Menyusuri Jalur Jalan Bukanagara – Cisalak, Subang

Oleh: Azura Firdaus

Momotoran kali ini sebenarnya merupakan momotoran kedua kami ke Subang (setidaknya untuk kami anggota ADP 2023) melalui jalan yang kurang lebih sama, yaitu jalur Bukanagara-Cisalak. Jalur jalan ini relatif jarang dilalui oleh orang banyak, kecuali penduduk dari kedua tempat itu. Penyusuran jalur ini sebenarnya merupakan bagian dari eksplorasi sebagian wilayah Subang, terutama bagian selatan dan Kota-nya. Memang wilayah ini yang paling sering dikunjungi oleh Komunitas Aleut, mungkin juga sebagian wilayah timurnya, karena menurut cerita, cukup sering juga ke Cibuluh yang ada di Tanjungsiang. Pasti akan butuh perjalanan berjilid-jilid yang panjang bila ingin menjelajah seluruh bagian wilayah Kabupaten Subang.

 Jalur Bukanagara-Cisalak ini dipilih selain karena kami belum melewatinya secara menyeluruh pada perjalanan sebelumnya, namun juga karena jalur ini merupakan jalur lama yang setidaknya sudah ada sejak tahun 1911 atau sekitar 112 tahun yang lalu. Jalur ini sudah masuk dalam peta topografi Belanda sebagai jalur utama penghubung Cisalak – Bandung melalui Bukanagara – Puncak Eurad – Maribaya; bahkan jauh sebelum itu, setengah dari jalur ini merupakan Jalur Jalan Pedati dari Cisalak sampai Bukanagara yang dibuat oleh Raden Rangga Martayudha dan T. B. Hofland.

Saya secara pribadi sangat bersemangat ketika melewati jalur ini, selain memiliki pemandangan yang indah, di sepanjang jalan juga bisa membayangkan perjalanan para administratur dan para pekerja perkebunan lainnya yang biasa menggunakan jalur jalan ini dalam berbagai keperluan untuk menuju Kota Bandung ataupun Subang.

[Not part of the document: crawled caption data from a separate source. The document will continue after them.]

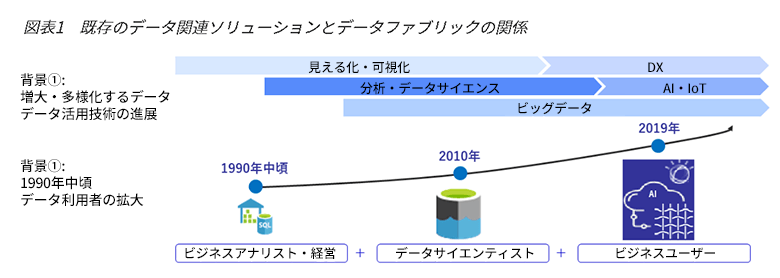 既存のデータ関連ソリューションとデータファブリックの関係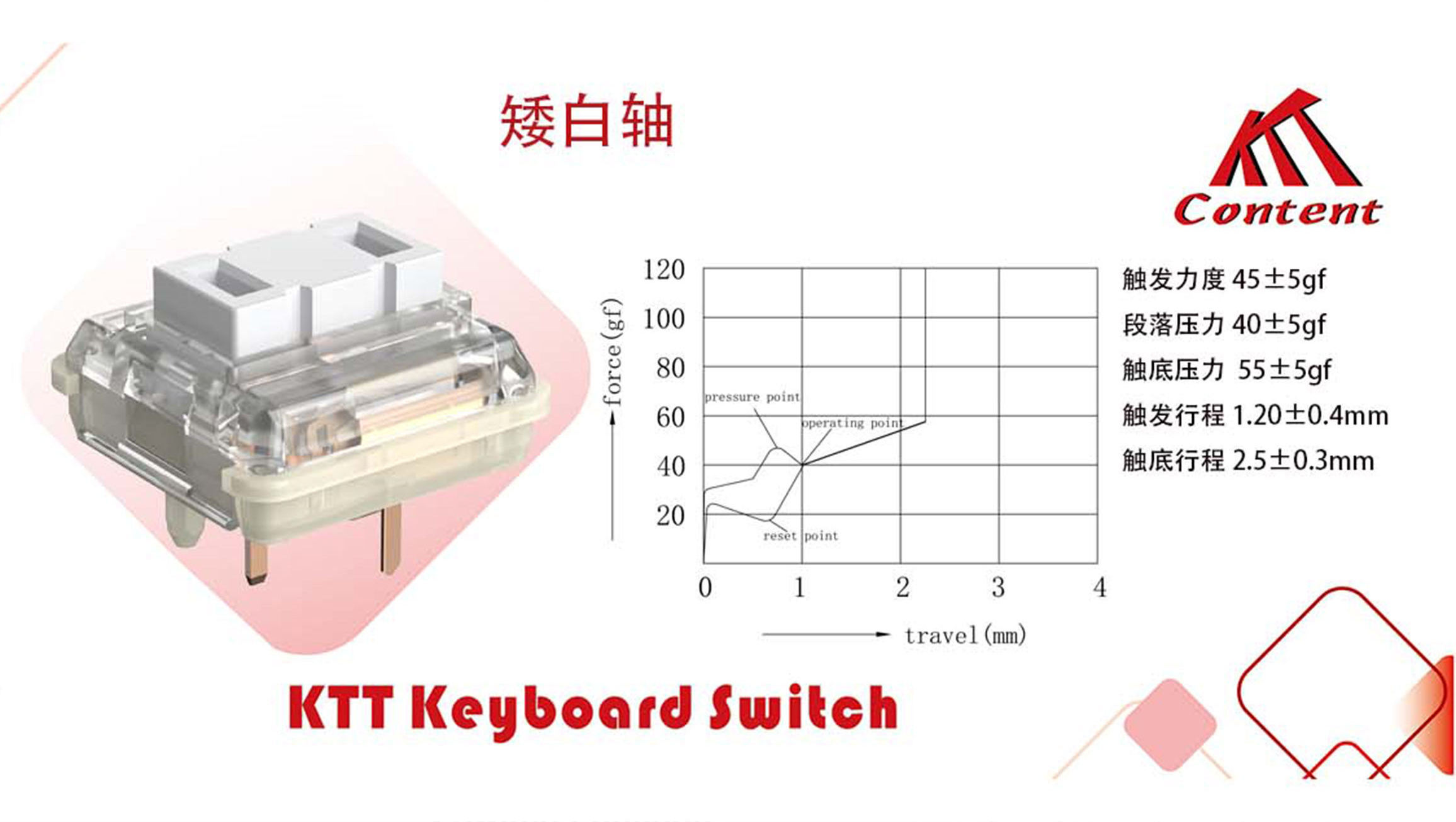 High quality durable KTT White Low Profile Switch Linear Switches for Mechanical or Gaming Keyboards 5 Pin Switch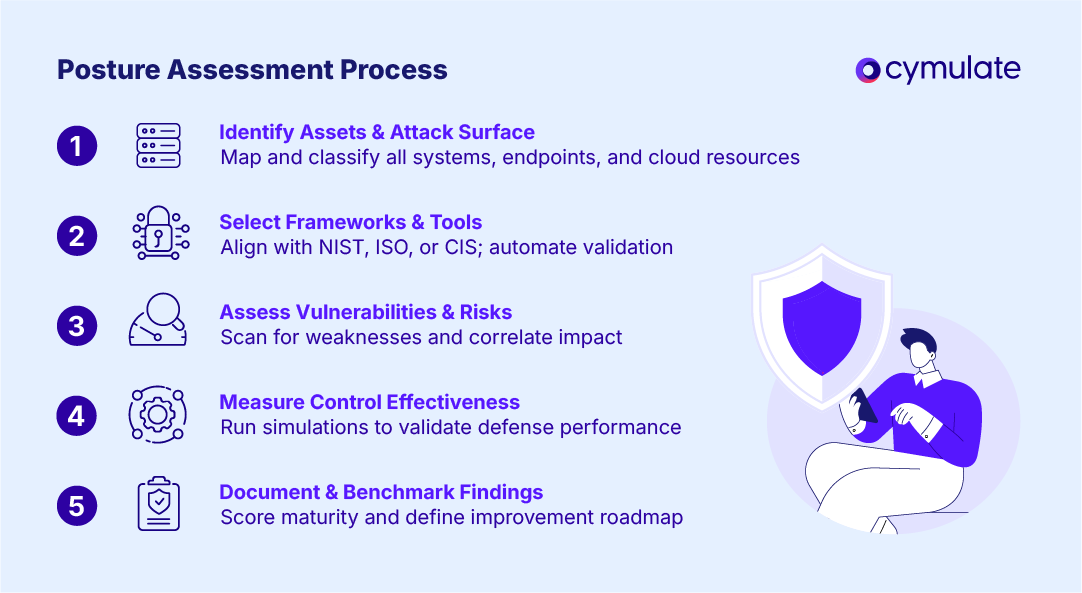 illustration infographic for Steps of a cybersecurity posture assessment
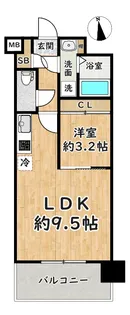 1LDKの間取り画像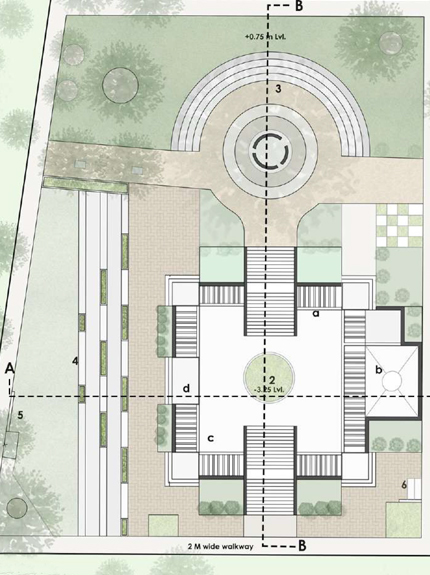 Architecture Design by NIKUNJ PRADIP AGRAWAL and KAUSTUBH VINOD KADGALE
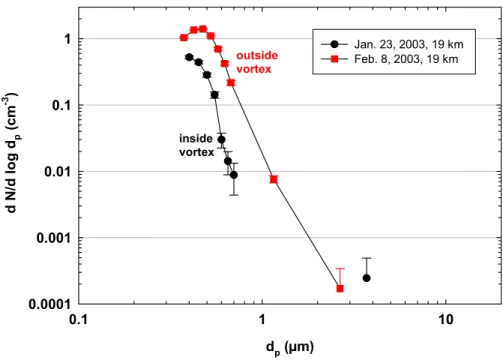 Fig. 10. Particle number size distributions measured at 19 km altitude for the flights of 23 January (inside polar vortex) and 8 February 2003, (outside polar vortex)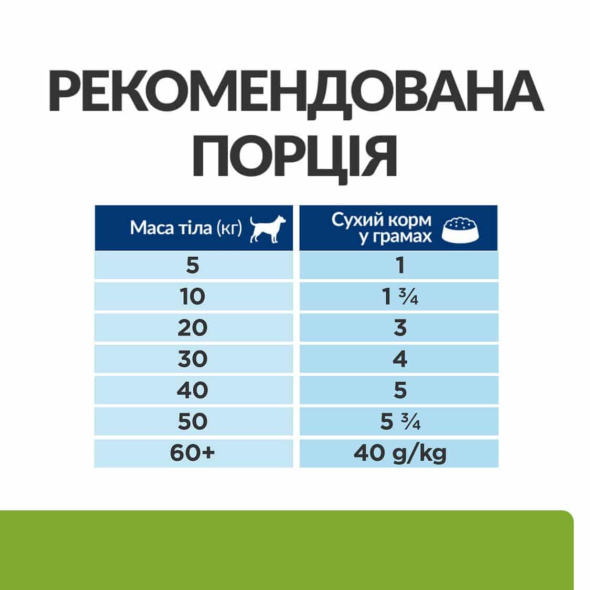 Hill's Prescription Diet Metabolic + Mobility Вологий лікувальний корм для собак для зниження ваги і підтримки суглобів, 370 г - 4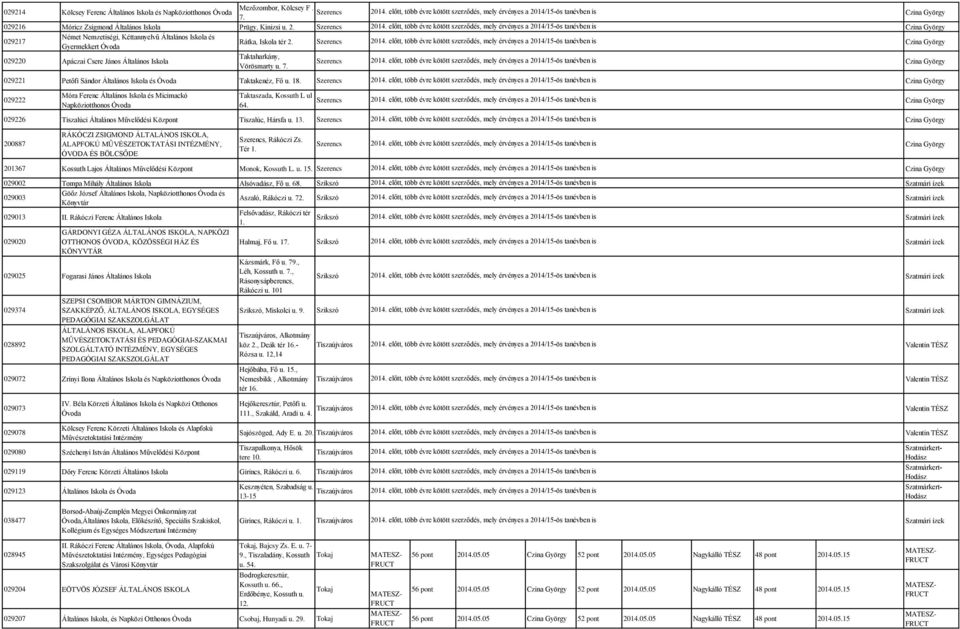 029221 Petőfi Sándor Általános Iskola és Taktakenéz, Fő u. 18. 029222 Móra Ferenc Általános Iskola és Micimackó Napköziotthonos Taktaszada, Kossuth L ul 64.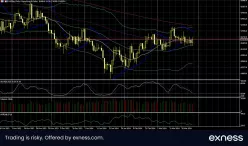 HANG SENG - Daily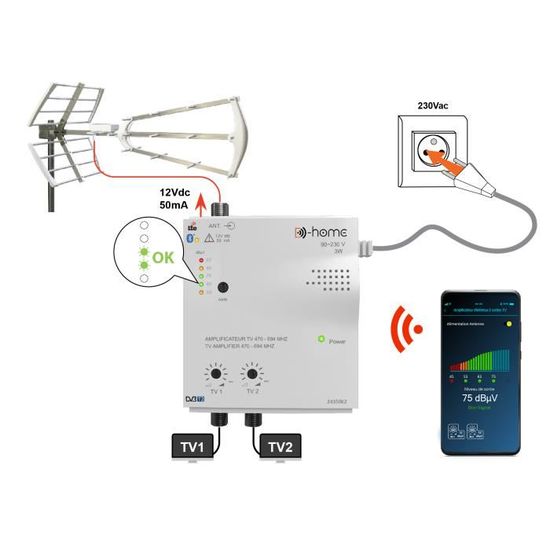 Antena De Tv Tv Antenne Met Versterker Gratis Digi... – Vicedeal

Potongan jalur Bukanagara-Cisalak dari Google Maps dan Peta Topografi Belanda (KITLV)

Perjalanan kami mulai dari daerah Regol, Bandung, dengan tujuan awal ke Maribaya lewat Buniwangi. Memasuki kawasan wisata Maribaya, kami meninggalkan jalan utama dan langsung menghadapi sebuah tanjakan yang cukup curam dengan belokan yang tajam. Di tengah-tengah tanjakan ini ada lubang-lubang dengan batu besar-besar yang tidak kami temukan di perjalanan sebelumnya. Oleh karena itu, kami harus selalu berhati-hati dan memperhatikan jalan dengan lebih cermat.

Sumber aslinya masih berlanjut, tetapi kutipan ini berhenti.